WORK INSTRUCTIONS
Could you write out, exactly, every line from the top of the data through the line holding "Tổng kết công"? Omit the pictures.

╭─ SUPPLIED DATA

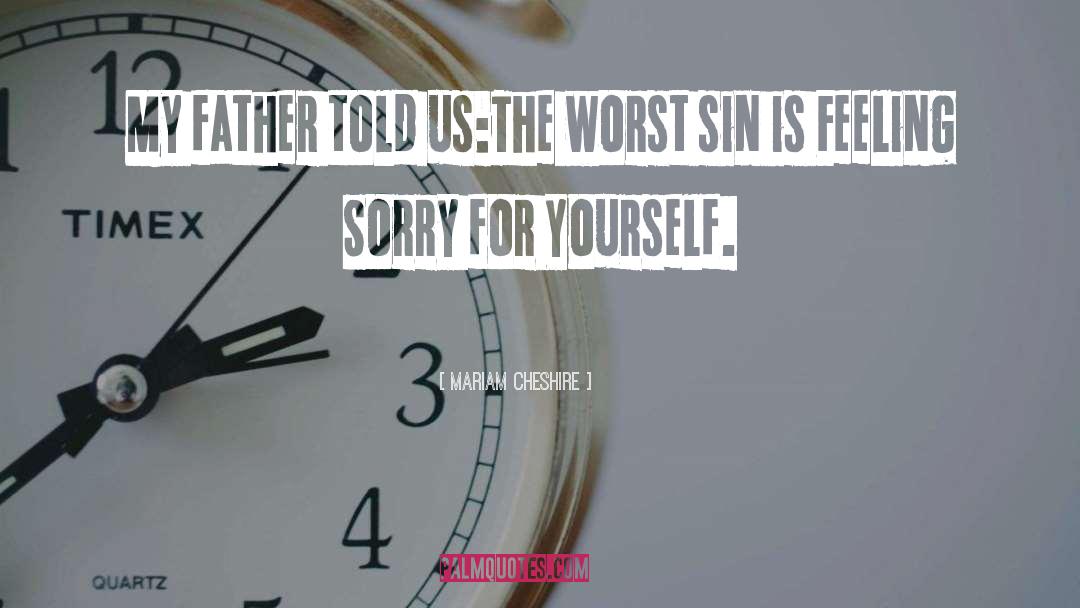 Feeling Sorry For Yourself quotes by Mariam Cheshire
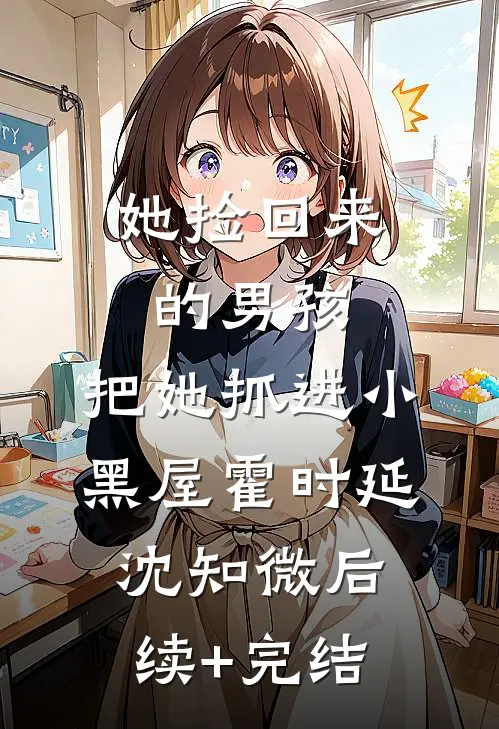 她捡回来的男孩，把她抓进小黑屋霍时延沈知微后续+完结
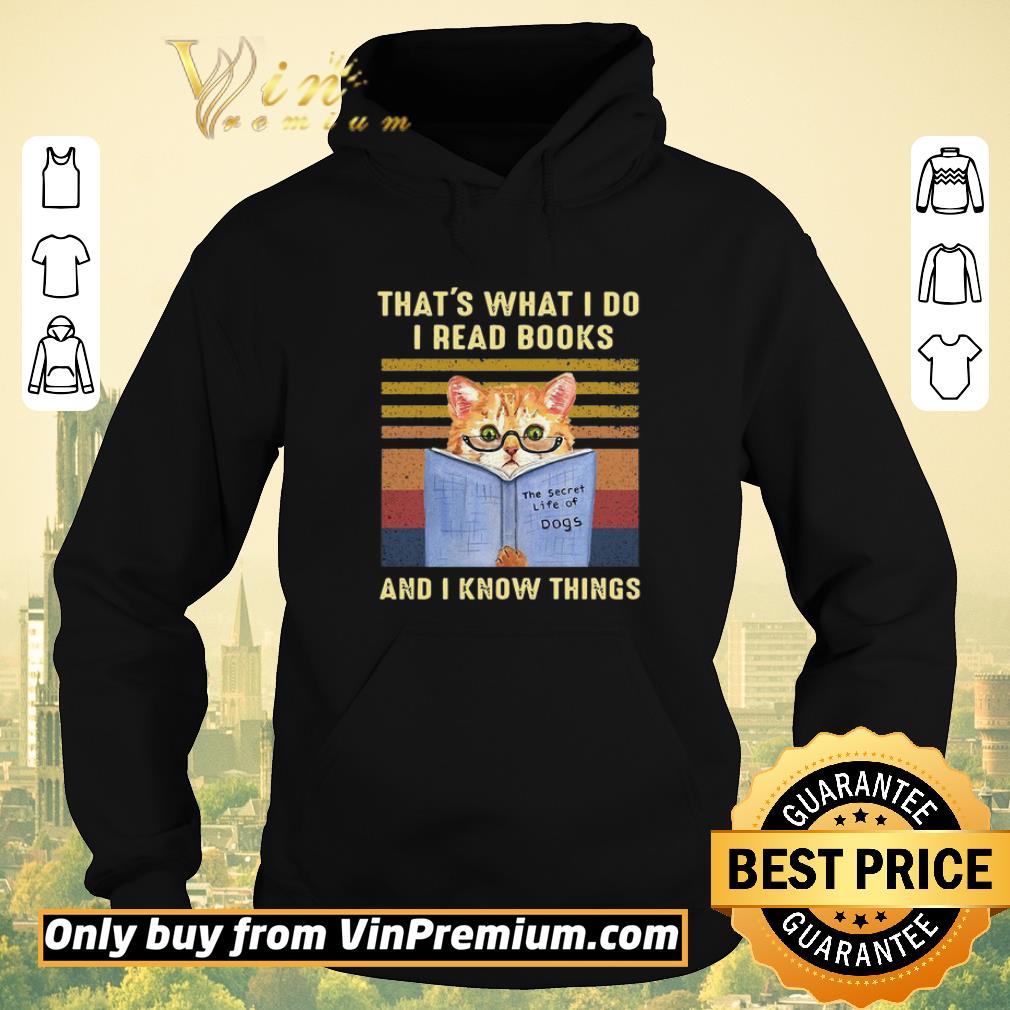 Funny Cat That’s what i do i read books the secret life of Dogs and i know things vintage shirt sweater 206bced1 funny cat that s what i do i read books the secret life of dogs and i know things vintage shirt sweater 4 - Funny Cat That’s what i do i read books the secret life of Dogs and i know things vintage shirt sweater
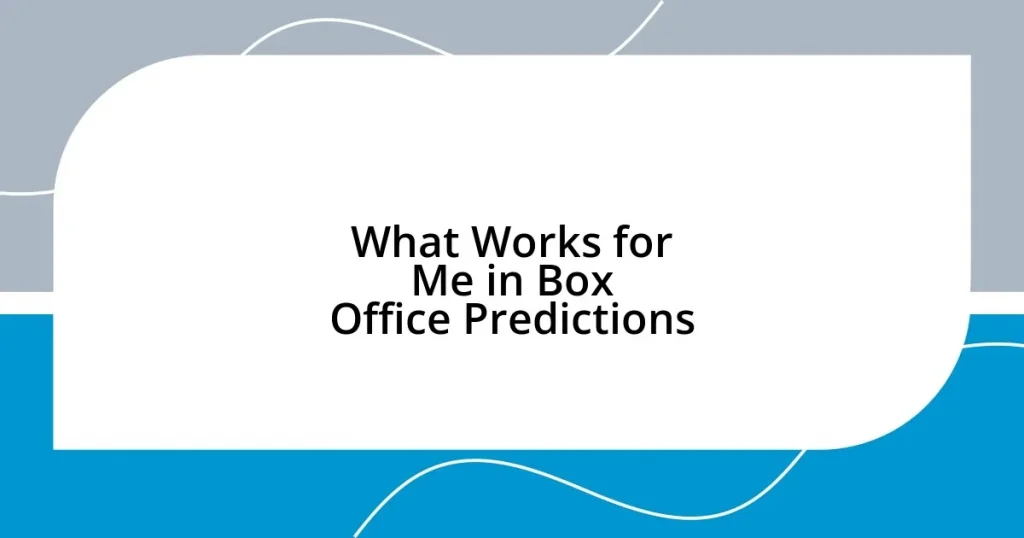 What Works for Me in Box Office Predictions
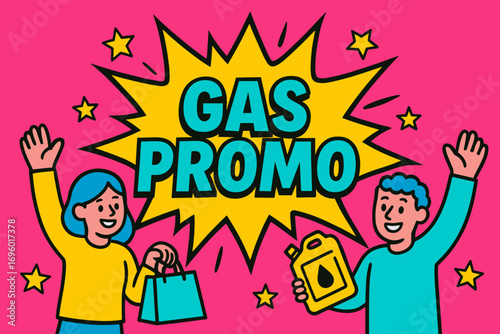 Gas Promo banner flat vector illustration bold oversized text inside splash explosion cartoon characters waving with shopping bags and gas can bright solid colors in neon magenta vivid.
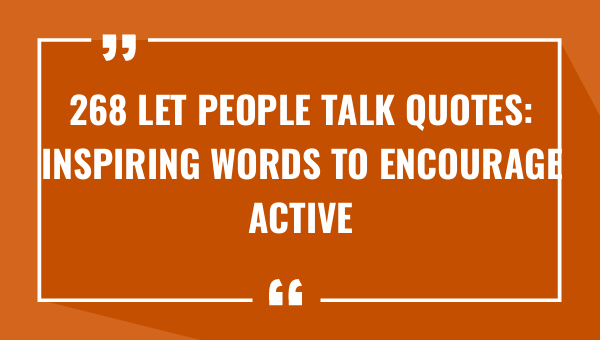 268 let people talk quotes inspiring words to encourage active listening 9152-OnlyCaptions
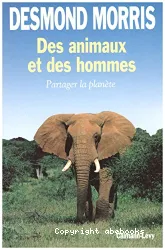 Des animaux et des hommes : partager la planète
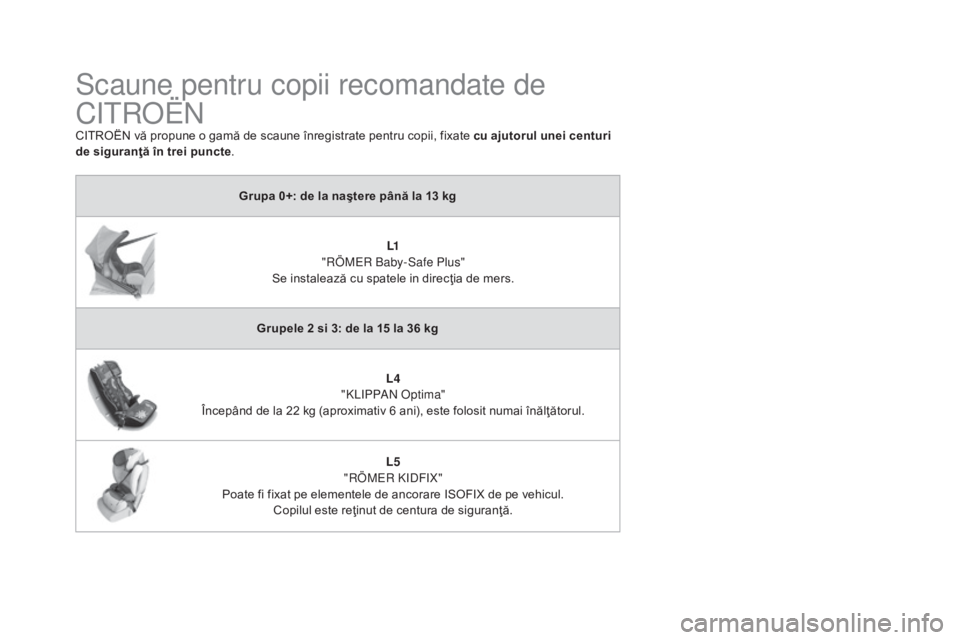 CITROEN DS4 2016 Ghiduri De Utilizare (in Romanian) DS4_ro_Chap06_securite enfants_ed03-2015
Scaune pentru copii recomandate de
Citroën
CITROËN vă propune o gamă de scaune înregistrate pentru copii, fixate cu ajutorul unei centuri
de siguranţă CITROEN DS4 2016 Ghiduri De Utilizare (in Romanian) DS4_ro_Chap06_securite enfants_ed03-2015
Scaune pentru copii recomandate de
Citroën
CITROËN vă propune o gamă de scaune înregistrate pentru copii, fixate cu ajutorul unei centuri
de siguranţă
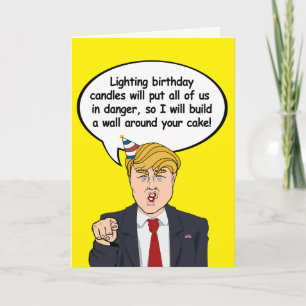 Trump Birthday Card - Bygg en vägg runt kak Kort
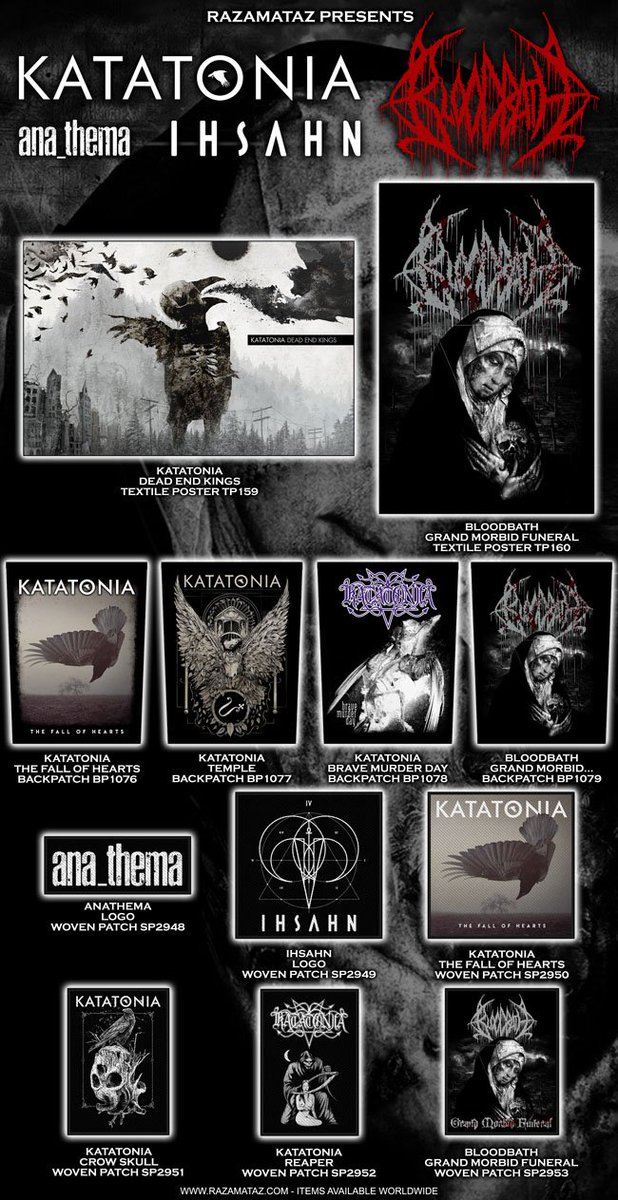 Merchandise from Katatonia, Bloodbath and moreMerchandise from Katatonia, Bloodbath and more.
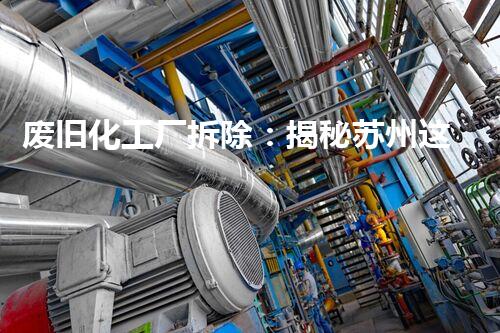 废旧化工厂拆除：揭秘苏州这个城市的环境之变！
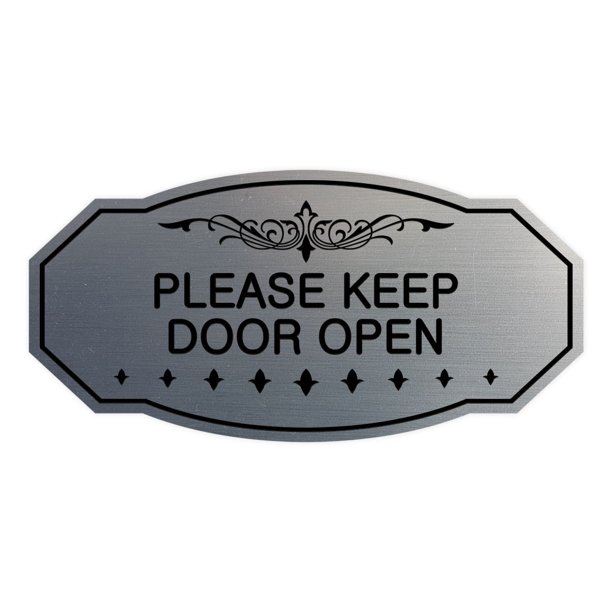Victorian Please Keep Door Open Sign (Brushed Silver) Small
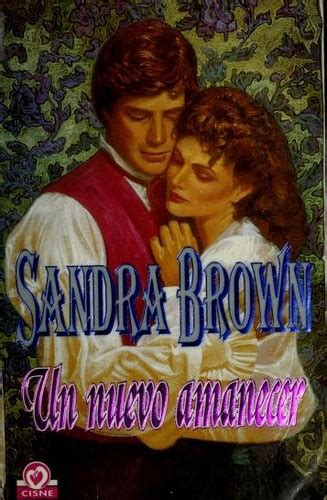 Un nuevo amanecer by Sandra Brown | Open Library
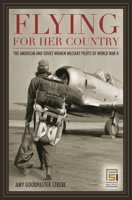 Flying for Her Country: The American and Soviet Women Military Pilots of World War II 1597972665 Book Cover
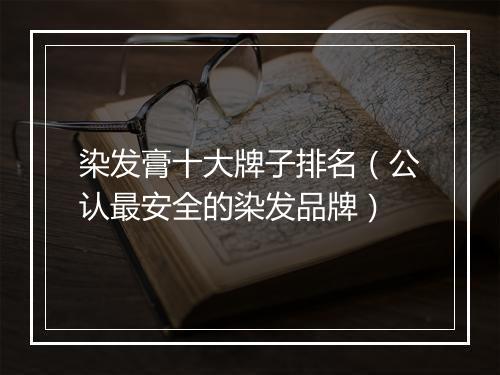 染发膏十大牌子排名（公认最安全的染发品牌）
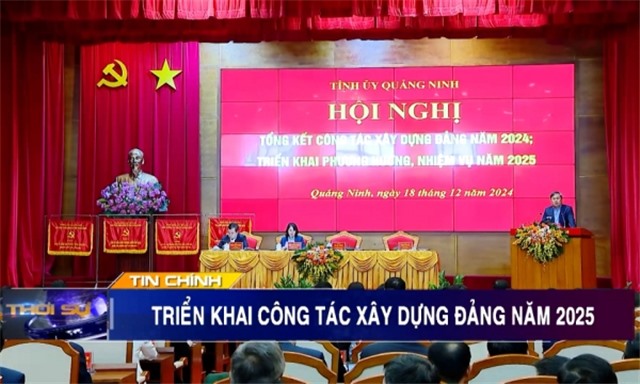 Tổng kết công tác xây dựng Đảng tỉnh Quảng Ninh năm 2024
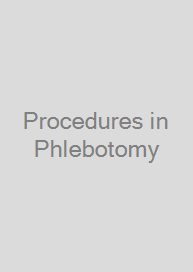 Procedures in Phlebotomy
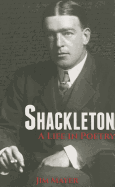 Shackleton: A Life in Poetry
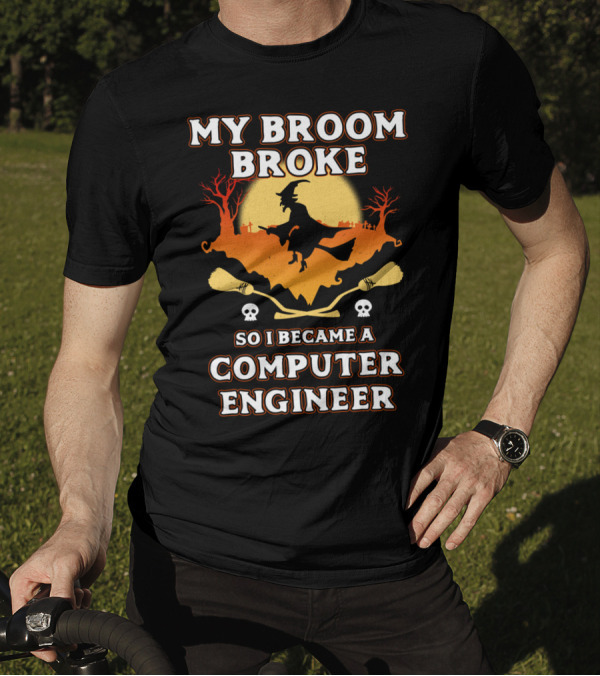 My Broom Broke Witch Silhouette So I Became A Computer Engineer Halloween T-Shirt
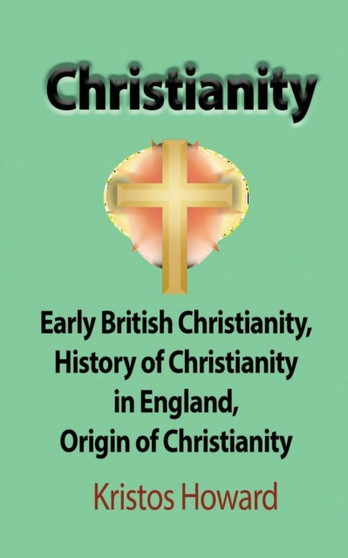Christianity : Early British Christianity, History of Christianity in England, Origin of Christianity by Kristos Howard - Paperback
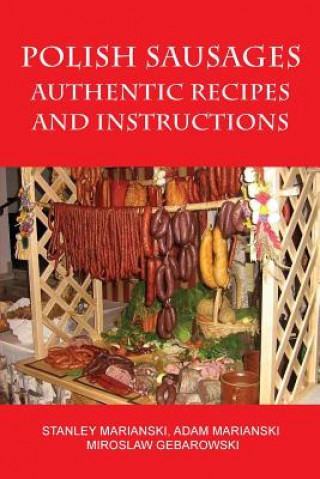 Kniha Polish Sausages, Authentic Recipes And Instructions Stanley Marianski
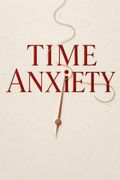Time Anxiety
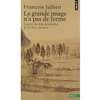 LA GRANDE IMAGE N'A PAS DE FORME : A PARTIR DES ARTS DE PEINTRE DE LA CHINE ANCIENNE
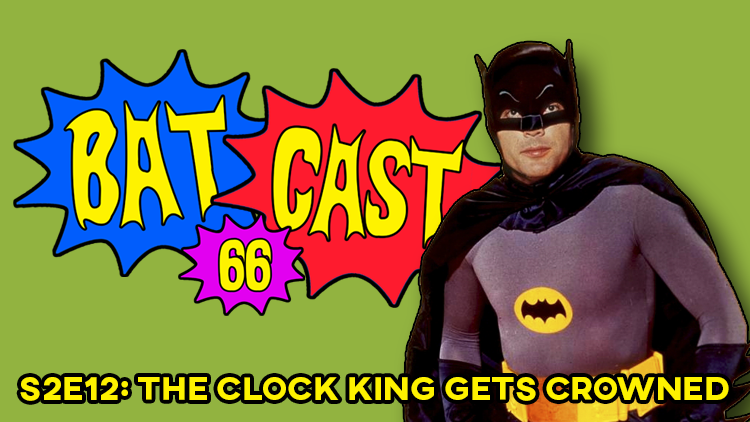 Batcast 66 - S2E12: The Clock King Gets Crowned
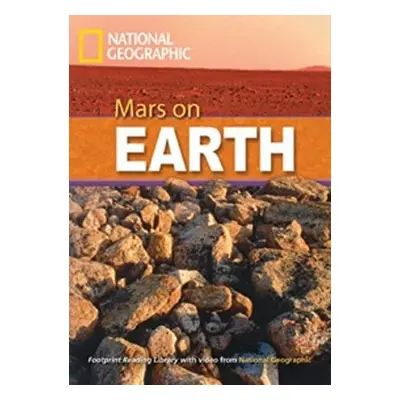 FOOTPRINT READING LIBRARY: LEVEL 3000: MARS ON EARTH (BRE) with Multi-ROM National Geographic le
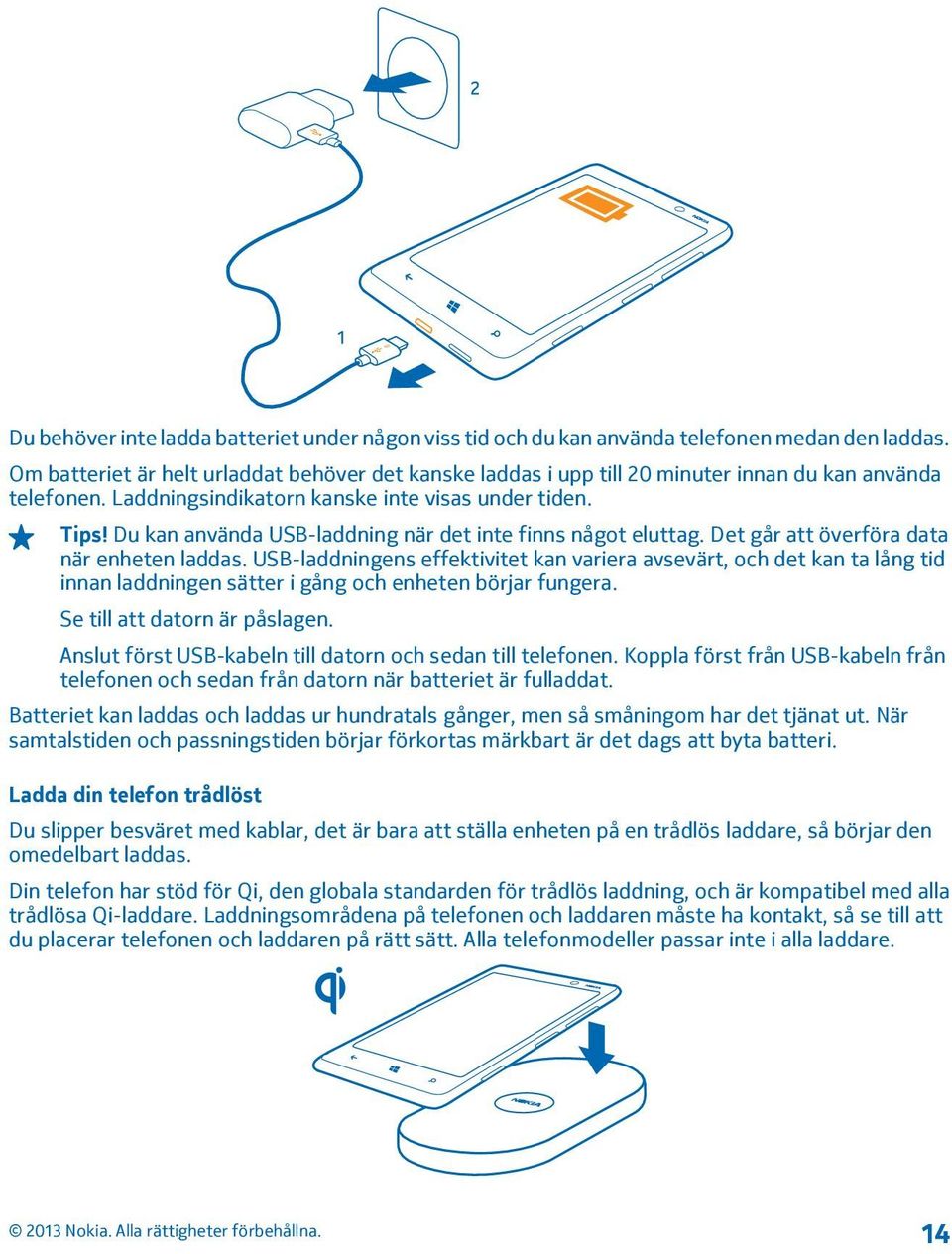 Du kan använda USB-laddning när det inte finns något eluttag. Det går att överföra data när enheten laddas.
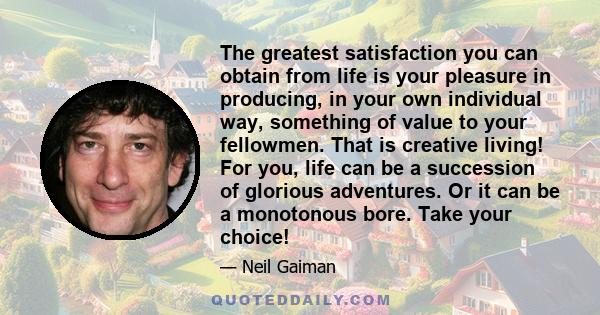 The greatest satisfaction you can obtain from life is your pleasure in producing, in your own individual way, something of value to your fellowmen. That is creative living! For you, life can be a succession of glorious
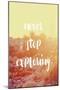 Never Stop Exploring-Lila Fe-Mounted Art Print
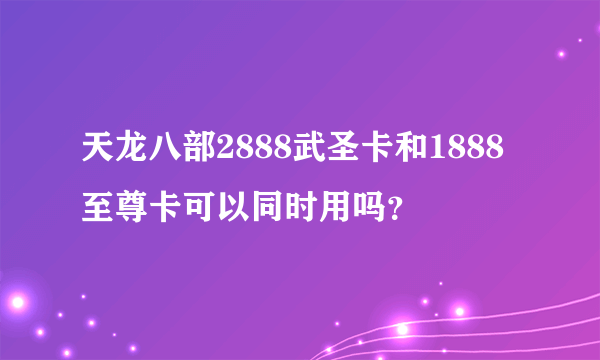 天龙八部2888武圣卡和1888至尊卡可以同时用吗？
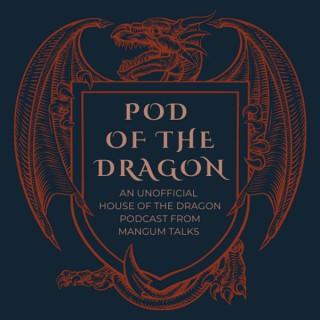 Pod of the Dragon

╰─

OUTPUT FOR THIS EXERCISE
 Feeling Sorry For Yourself quotes by Mariam Cheshire
 她捡回来的男孩，把她抓进小黑屋霍时延沈知微后续+完结
 Funny Cat That’s what i do i read books the secret life of Dogs and i know things vintage shirt sweater 206bced1 funny cat that s what i do i read books the secret life of dogs and i know things vintage shirt sweater 4 - Funny Cat That’s what i do i read books the secret life of Dogs and i know things vintage shirt sweater
 What Works for Me in Box Office Predictions
 Gas Promo banner flat vector illustration bold oversized text inside splash explosion cartoon characters waving with shopping bags and gas can bright solid colors in neon magenta vivid.
 268 let people talk quotes inspiring words to encourage active listening 9152-OnlyCaptions
 Des animaux et des hommes : partager la planète
 CITROEN DS4 2016 Ghiduri De Utilizare (in Romanian) DS4_ro_Chap06_securite enfants_ed03-2015
Scaune pentru copii recomandate de
Citroën
CITROËN vă propune o gamă de scaune înregistrate pentru copii, fixate cu ajutorul unei centuri
de siguranţă CITROEN DS4 2016 Ghiduri De Utilizare (in Romanian) DS4_ro_Chap06_securite enfants_ed03-2015
Scaune pentru copii recomandate de
Citroën
CITROËN vă propune o gamă de scaune înregistrate pentru copii, fixate cu ajutorul unei centuri
de siguranţă
 Trump Birthday Card - Bygg en vägg runt kak Kort
 Merchandise from Katatonia, Bloodbath and moreMerchandise from Katatonia, Bloodbath and more.
 废旧化工厂拆除：揭秘苏州这个城市的环境之变！
Victorian Please Keep Door Open Sign (Brushed Silver) Small
 Un nuevo amanecer by Sandra Brown | Open Library
 Flying for Her Country: The American and Soviet Women Military Pilots of World War II 1597972665 Book Cover
 染发膏十大牌子排名（公认最安全的染发品牌）
 Tổng kết công tác xây dựng Đảng tỉnh Quảng Ninh năm 2024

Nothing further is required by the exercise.